PROMPT:
Every entry in the following data should be output exactly.

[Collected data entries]
══════════════════════════════
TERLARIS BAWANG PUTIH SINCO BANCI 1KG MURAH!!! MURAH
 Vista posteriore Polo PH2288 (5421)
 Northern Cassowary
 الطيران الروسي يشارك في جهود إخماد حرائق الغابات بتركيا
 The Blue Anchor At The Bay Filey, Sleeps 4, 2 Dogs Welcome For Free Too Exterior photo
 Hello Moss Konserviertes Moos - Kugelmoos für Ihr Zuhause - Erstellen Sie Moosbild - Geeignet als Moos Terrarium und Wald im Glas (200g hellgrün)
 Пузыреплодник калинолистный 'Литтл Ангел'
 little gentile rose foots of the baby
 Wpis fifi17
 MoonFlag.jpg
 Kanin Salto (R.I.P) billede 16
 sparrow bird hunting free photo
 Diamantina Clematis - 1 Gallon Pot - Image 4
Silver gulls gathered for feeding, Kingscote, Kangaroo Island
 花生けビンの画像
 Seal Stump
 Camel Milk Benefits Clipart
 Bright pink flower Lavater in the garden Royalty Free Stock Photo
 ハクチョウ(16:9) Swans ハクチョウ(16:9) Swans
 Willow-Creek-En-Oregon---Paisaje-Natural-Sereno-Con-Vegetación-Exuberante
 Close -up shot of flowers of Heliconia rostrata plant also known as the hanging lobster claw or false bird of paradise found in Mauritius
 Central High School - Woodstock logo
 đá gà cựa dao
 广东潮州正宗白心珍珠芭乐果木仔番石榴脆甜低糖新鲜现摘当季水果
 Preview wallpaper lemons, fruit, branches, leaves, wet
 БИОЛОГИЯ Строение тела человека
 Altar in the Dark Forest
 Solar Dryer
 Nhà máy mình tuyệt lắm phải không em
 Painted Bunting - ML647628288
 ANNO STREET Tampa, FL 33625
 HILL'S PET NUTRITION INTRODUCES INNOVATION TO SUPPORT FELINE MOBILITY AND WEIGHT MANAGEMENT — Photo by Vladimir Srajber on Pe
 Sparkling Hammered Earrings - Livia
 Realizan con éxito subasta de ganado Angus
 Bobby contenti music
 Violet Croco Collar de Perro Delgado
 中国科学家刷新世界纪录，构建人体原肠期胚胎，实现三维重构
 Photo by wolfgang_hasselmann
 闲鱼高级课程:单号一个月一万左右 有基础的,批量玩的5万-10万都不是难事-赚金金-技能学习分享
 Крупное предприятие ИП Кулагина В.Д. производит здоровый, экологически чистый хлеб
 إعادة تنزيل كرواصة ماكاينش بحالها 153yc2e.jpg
══════════════════════════════
RESPONSE TO THE TASK:
TERLARIS BAWANG PUTIH SINCO BANCI 1KG MURAH!!! MURAH
 Vista posteriore Polo PH2288 (5421)
 Northern Cassowary
 الطيران الروسي يشارك في جهود إخماد حرائق الغابات بتركيا
 The Blue Anchor At The Bay Filey, Sleeps 4, 2 Dogs Welcome For Free Too Exterior photo
 Hello Moss Konserviertes Moos - Kugelmoos für Ihr Zuhause - Erstellen Sie Moosbild - Geeignet als Moos Terrarium und Wald im Glas (200g hellgrün)
 Пузыреплодник калинолистный 'Литтл Ангел'
 little gentile rose foots of the baby
 Wpis fifi17
 MoonFlag.jpg
 Kanin Salto (R.I.P) billede 16
 sparrow bird hunting free photo
 Diamantina Clematis - 1 Gallon Pot - Image 4
Silver gulls gathered for feeding, Kingscote, Kangaroo Island
 花生けビンの画像
 Seal Stump
 Camel Milk Benefits Clipart
 Bright pink flower Lavater in the garden Royalty Free Stock Photo
 ハクチョウ(16:9) Swans ハクチョウ(16:9) Swans
 Willow-Creek-En-Oregon---Paisaje-Natural-Sereno-Con-Vegetación-Exuberante
 Close -up shot of flowers of Heliconia rostrata plant also known as the hanging lobster claw or false bird of paradise found in Mauritius
 Central High School - Woodstock logo
 đá gà cựa dao
 广东潮州正宗白心珍珠芭乐果木仔番石榴脆甜低糖新鲜现摘当季水果
 Preview wallpaper lemons, fruit, branches, leaves, wet
 БИОЛОГИЯ Строение тела человека
 Altar in the Dark Forest
 Solar Dryer
 Nhà máy mình tuyệt lắm phải không em
 Painted Bunting - ML647628288
 ANNO STREET Tampa, FL 33625
 HILL'S PET NUTRITION INTRODUCES INNOVATION TO SUPPORT FELINE MOBILITY AND WEIGHT MANAGEMENT — Photo by Vladimir Srajber on Pe
 Sparkling Hammered Earrings - Livia
 Realizan con éxito subasta de ganado Angus
 Bobby contenti music
 Violet Croco Collar de Perro Delgado
 中国科学家刷新世界纪录，构建人体原肠期胚胎，实现三维重构
 Photo by wolfgang_hasselmann
 闲鱼高级课程:单号一个月一万左右 有基础的,批量玩的5万-10万都不是难事-赚金金-技能学习分享
 Крупное предприятие ИП Кулагина В.Д. производит здоровый, экологически чистый хлеб
 إعادة تنزيل كرواصة ماكاينش بحالها 153yc2e.jpg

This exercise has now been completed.